( ESNUG 569 Item 4 ) -------------------------------------------- [03/31/17]
From: "Dan Joyce" <user=danj domain=correctdesigns not calm>
Subject: Dan Joyce's 29 cost-effective gate-level simulation tips (pt 3)
---- ---- ---- ---- ---- ---- ----
17. Keep your RTL and Testbenches and Gate Netlists in Sync
The earlier Tip #2 above says to allow easy debug of failing tests,
you must have three DUT models running identically so that debugging
failing tests is easier - by comparing passing waves to failing waves.
This won't work if your RTL DUT is different from your Gate DUT.

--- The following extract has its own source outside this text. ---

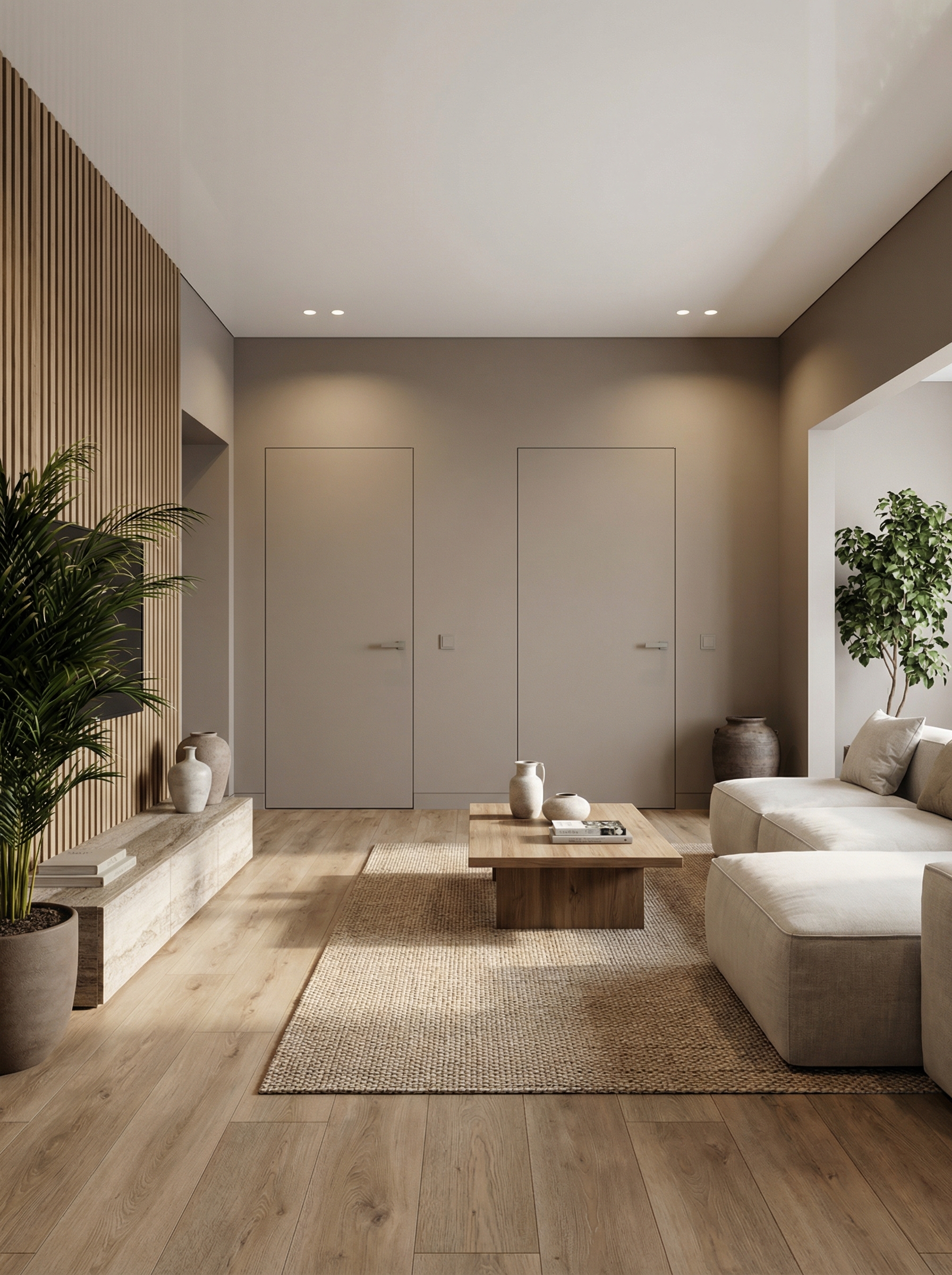 Дизайн гостиной в стиле Japandi — фото интерьера от нейросети RoomGPT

Problem: It takes a few weeks for your Physical Designers to generate
a new Gate Netlist from RTL. Before design freeze, this is a real
problem because the RTL is changing all the time. Note that the same
issue exists with your testbench and tests - they also need to match
the Gate Netlist.
Solution: when PD delivers a netlist, they provide a tag of the
repository of when the RLT DUT was pulled for synthesis. When you
receive a new Gate Netlist, you checkout from the repository from
the main branch at the same RTL tag PD made when they pulled the RTL
for synthesis. It's a parallel branch off your GLS Repository Branch.
This is pretty standard in the GLS world.
- It's Easier to Archive each Netlist
At some point it will be necessary to checkin your GLS changes.
Usually RTL verification teams do not tolerate "`ifdef GLS"
splattered all over their testbench. If you check your GLS changes
into the Master Repository, this GLS stuff will go into the Master
Repository testbench code.
Makes an additional set of "temp `ifdefs" as well. You have to update
to the Master Repository Branch to checkin to it -- which breaks GLS
on this Netlist because it pulls in changes that don't match that now
very old Gate Netlist. These must be "temp ifdef'ed" as well to allow
the GLS tests to pass. So then two sets of "`ifdefs" are polluting
the Master Branch of the repository.
Instead, it is possible to keep the GLS branch separate from the
Master - see the diagram above. Never merge back nor checkin to
the Master. Keep the GLS Repository Branch as a parallel branch
that pulls from Master every new netlist to update testbench and
chip RTL, but never merge back. Tag the last checkin of each
netlist as an archive. Only after tapeout you merge back.
- Insulate your GLS Repository from RTL Repository Churn
Another big GLS problem is the Master Branch repository has a great
deal of churn. Checkins are constant, and the repository is often
broken. Since Gate simulations are too slow to include in the
release regressions, the gate tests are the ones broken the most.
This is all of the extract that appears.